◆ **DATASET RECORDS**:
..............................
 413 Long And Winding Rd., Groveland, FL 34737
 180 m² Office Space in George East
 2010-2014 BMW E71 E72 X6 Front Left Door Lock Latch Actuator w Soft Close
..............................
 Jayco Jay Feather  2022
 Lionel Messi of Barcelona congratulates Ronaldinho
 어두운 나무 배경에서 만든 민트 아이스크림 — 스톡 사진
..............................
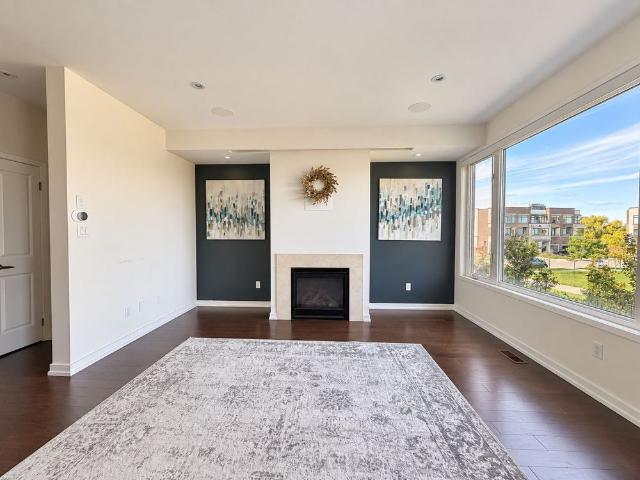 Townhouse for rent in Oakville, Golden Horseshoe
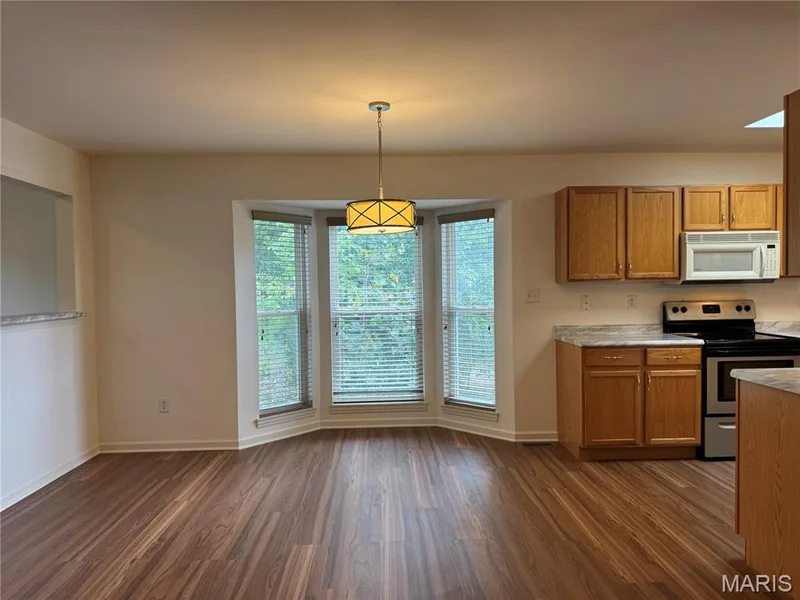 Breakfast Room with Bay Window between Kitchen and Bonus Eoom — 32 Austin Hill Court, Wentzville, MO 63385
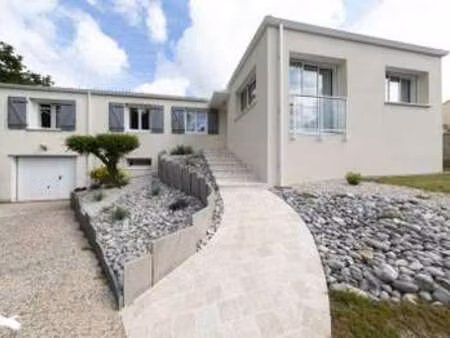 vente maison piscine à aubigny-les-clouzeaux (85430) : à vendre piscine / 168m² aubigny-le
..............................
Return only the stretch of the material above from the line holding "413 Long And" through the line holding "2010-2014 BMW E71", copied exactly.

◆ **WRITTEN REPLY**:
 413 Long And Winding Rd., Groveland, FL 34737
 180 m² Office Space in George East
 2010-2014 BMW E71 E72 X6 Front Left Door Lock Latch Actuator w Soft Close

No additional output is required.